From the listing below, please restate exactly the lines beginning at the one with "The measurement can" and ending at the one with "You hit run", both included, and skip the pictures.
------------------------------------
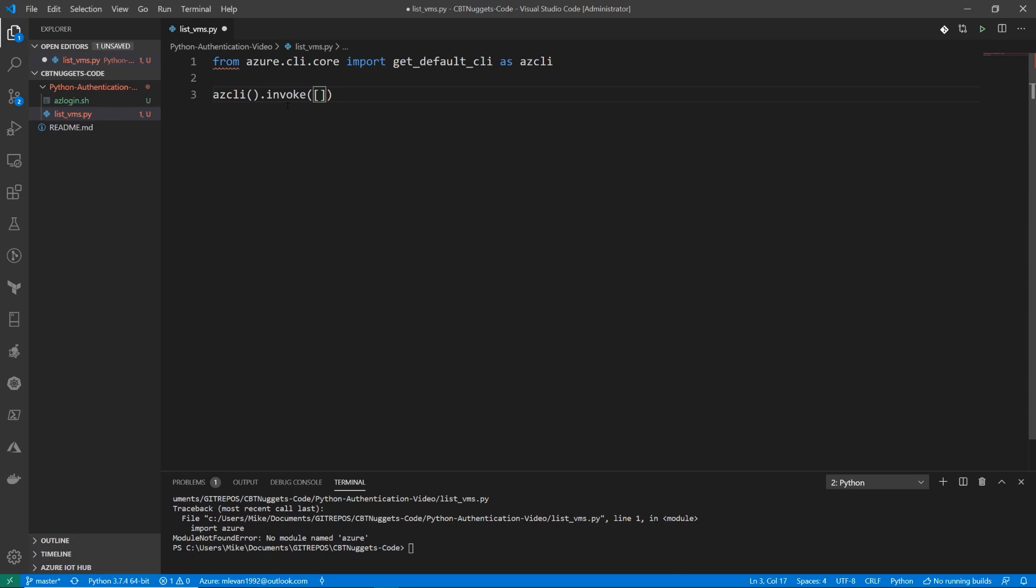All right, so I have a list here, because essentially, when we're running any azCLI command, what it's going to do is it's going to split up the commands and the switches, very similar to if you've ever used the OS library in Python. When you're running a command, for example, you would split it up. So it would be like string, you know, curl, comma, I, right? And anything in that fashion. And we're going to see that right now.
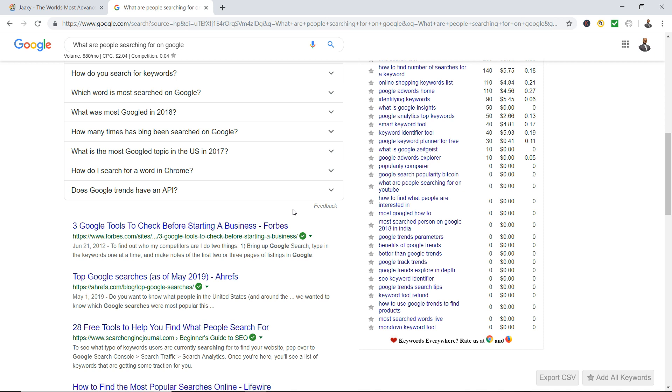Alright, hope this has helped you out. It's your boy Pastor Dre at creating website org. Also don't forget to like and subscribe the video. If you have any questions, put them in the comment section. I'd love to help you out.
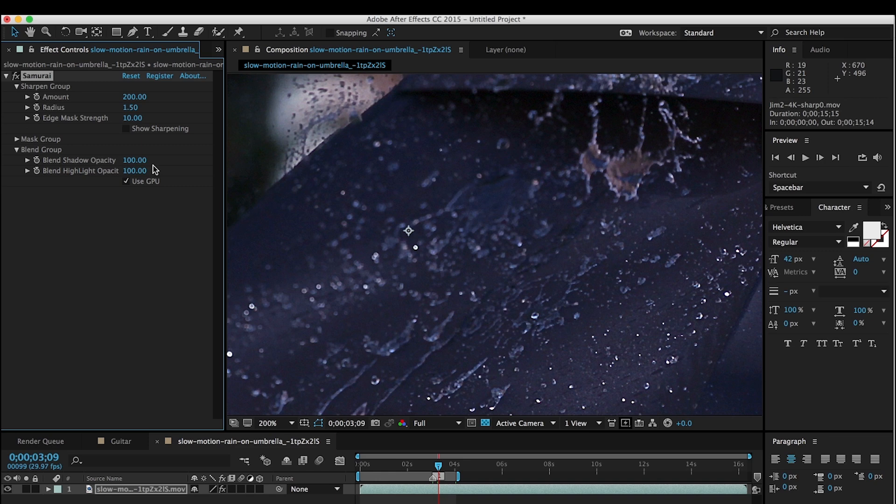Welcome to another Digital Iron Key tutorial. I'm Jim Tierney, president of Digital Iron Key, and in this tutorial we're going to talk about Samurai Sharpen for Video, one of our new plugins, and specifically the Blend Group, and explain what these do.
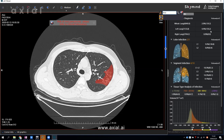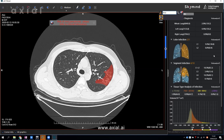The measurement can go down to lung lobe level. In this section, you will see the infected lobes, with the percentage and volume of each lobe. In this case, only the left lung lobes are infected, so Axial AI only shows L1 and L2.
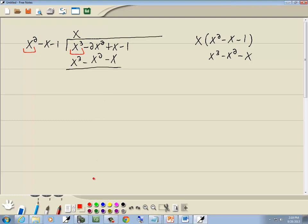Now we're going to subtract that line, which means we'll flip the signs. So this x to the third becomes negative, this negative x squared becomes positive, and this negative x becomes positive. x to the third minus x to the third drops away. Negative 2x squared plus x squared gives us negative x squared. x plus x is 2x, and then I'll bring down the minus 1.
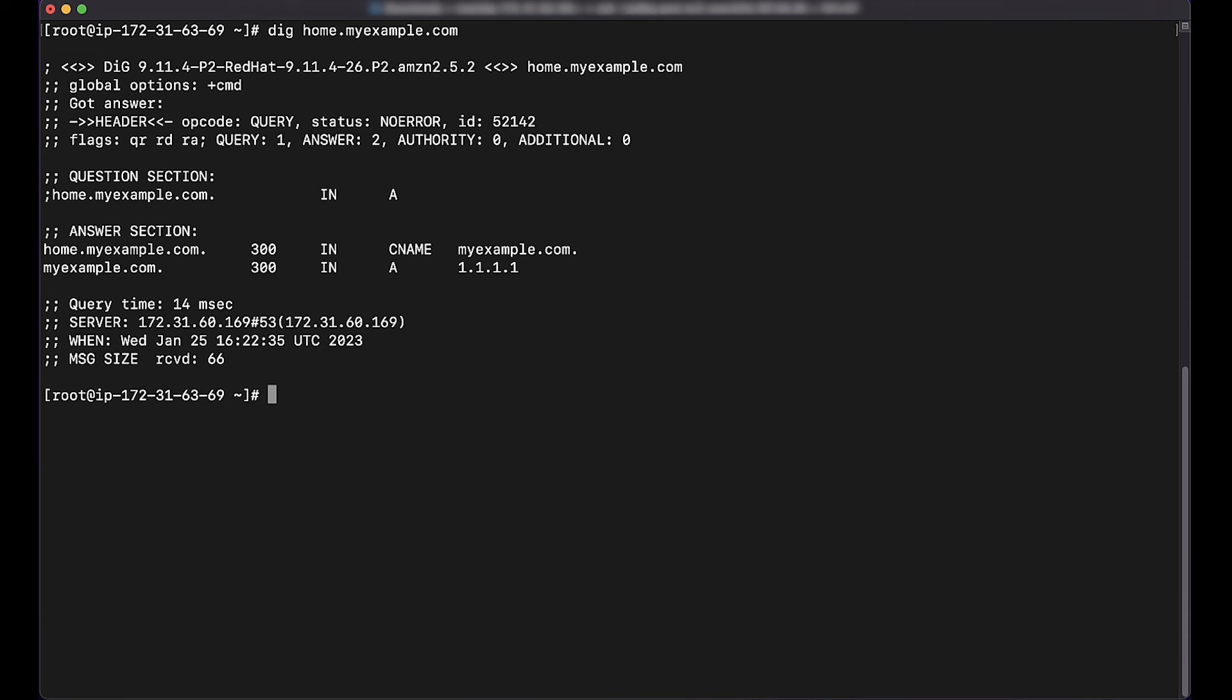And now you know several ways to redirect a domain in Route 53 to another domain. Thanks for watching, and happy cloud computing from all of us here at AWS.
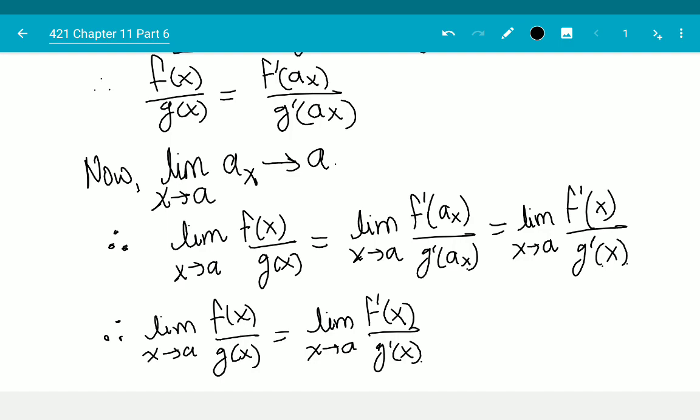You will have to complete the proof by proving the same for the left-hand side, between a minus delta to a, but the proof is exactly the same.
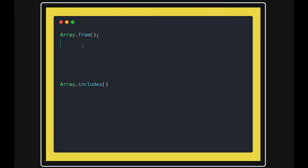Hello and welcome back everyone. Let's talk about Array.from and Array.includes methods.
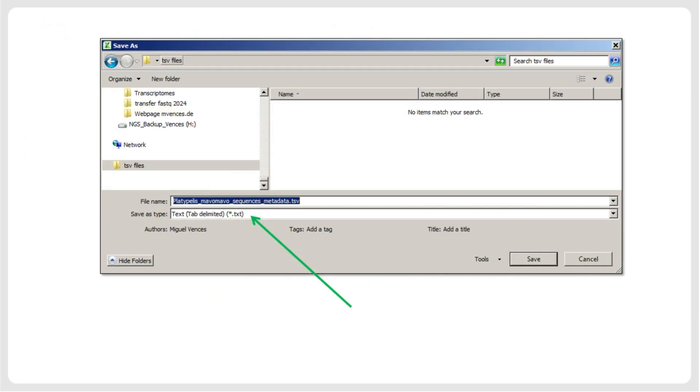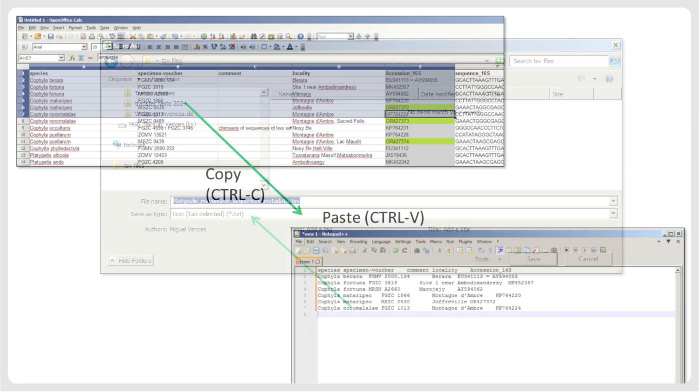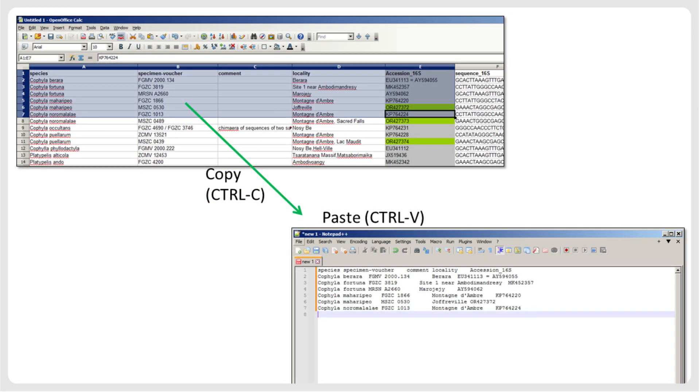In spreadsheet editors, you typically have the option to save or export your data in this format. Alternatively, if you just copy your spreadsheet or a section of it from the spreadsheet editor, and then paste it into a text editor, the text will automatically be tab-delimited and can be saved as TSV. We recommend saving the files with the TSV extension, so that they are automatically recognized by iTaxoTools programs.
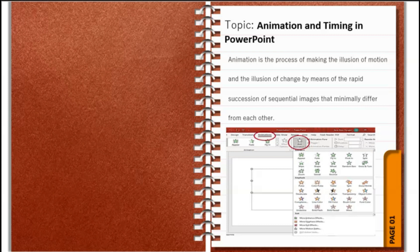Animation makes your presentation more dynamic. If you want to put animations in your presentation, all you have to do is go to the animations tab and click animations. From there, you can find various animation types for entrance, emphasis, exit, and motion path.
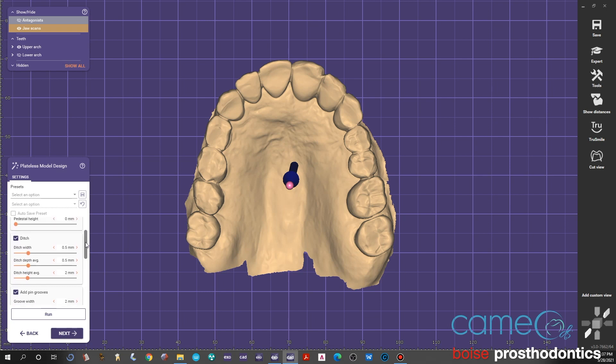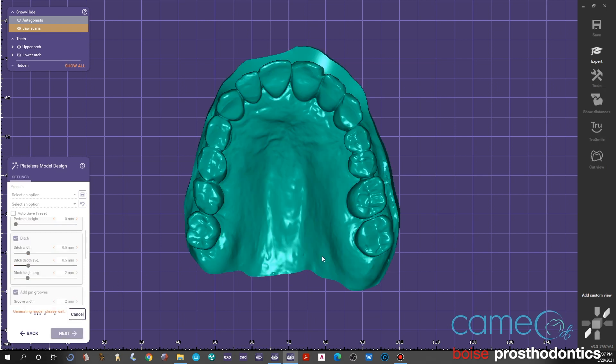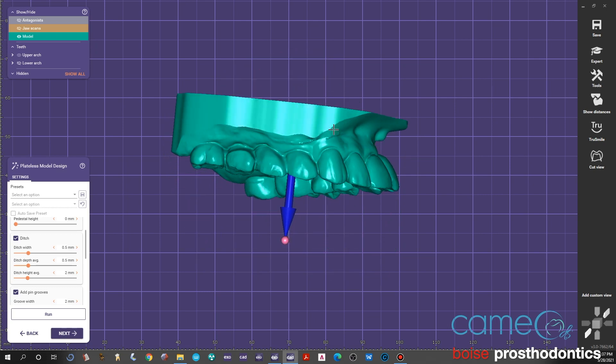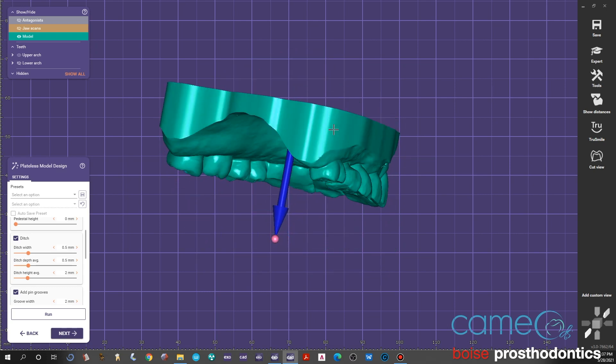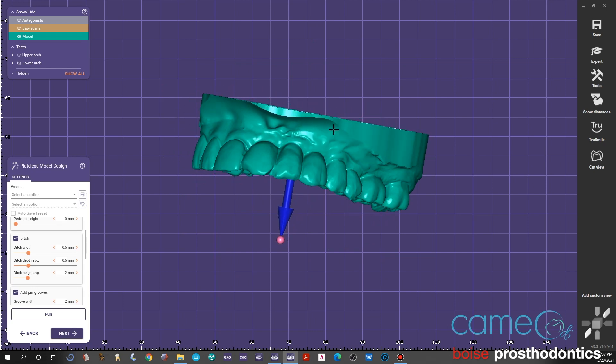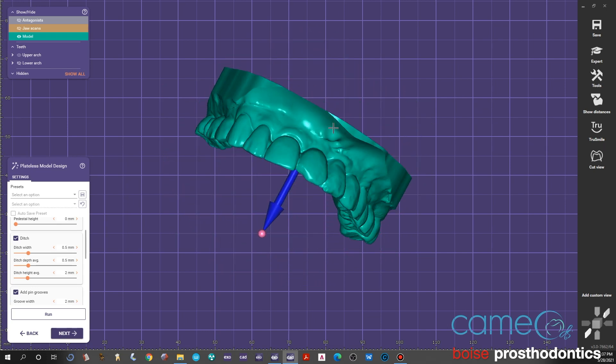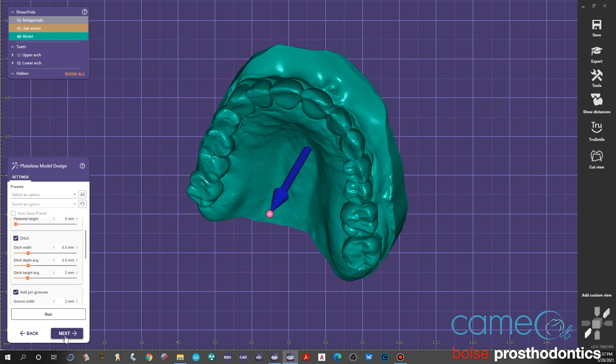You hit run and it'll calculate it, and now you have a 3D model. You'll see how it built the base up to that predetermined height at the very beginning in the occlusal plane setting.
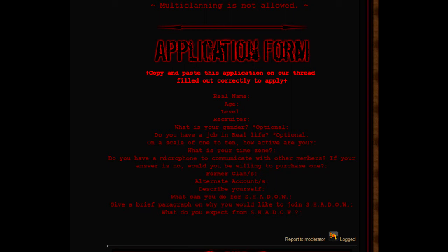But don't lie, because it sucks getting caught afterwards. They find out you're actually 12, you're not 17. Recruiter - that is if anybody recommended you. If they recommended you, like let's say a member recommended you for Shadow, you just put that I recommended you and then you'll be fine. What is your gender - optional. If you don't want to put your gender, that's all right.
------------------------------------
■ **Solution**
The measurement can go down to lung lobe level. In this section, you will see the infected lobes, with the percentage and volume of each lobe. In this case, only the left lung lobes are infected, so Axial AI only shows L1 and L2.
Now we're going to subtract that line, which means we'll flip the signs. So this x to the third becomes negative, this negative x squared becomes positive, and this negative x becomes positive. x to the third minus x to the third drops away. Negative 2x squared plus x squared gives us negative x squared. x plus x is 2x, and then I'll bring down the minus 1.
And now you know several ways to redirect a domain in Route 53 to another domain. Thanks for watching, and happy cloud computing from all of us here at AWS.
You will have to complete the proof by proving the same for the left-hand side, between a minus delta to a, but the proof is exactly the same.
Hello and welcome back everyone. Let's talk about Array.from and Array.includes methods.
In spreadsheet editors, you typically have the option to save or export your data in this format. Alternatively, if you just copy your spreadsheet or a section of it from the spreadsheet editor, and then paste it into a text editor, the text will automatically be tab-delimited and can be saved as TSV. We recommend saving the files with the TSV extension, so that they are automatically recognized by iTaxoTools programs.
Animation makes your presentation more dynamic. If you want to put animations in your presentation, all you have to do is go to the animations tab and click animations. From there, you can find various animation types for entrance, emphasis, exit, and motion path.
You hit run and it'll calculate it, and now you have a 3D model. You'll see how it built the base up to that predetermined height at the very beginning in the occlusal plane setting.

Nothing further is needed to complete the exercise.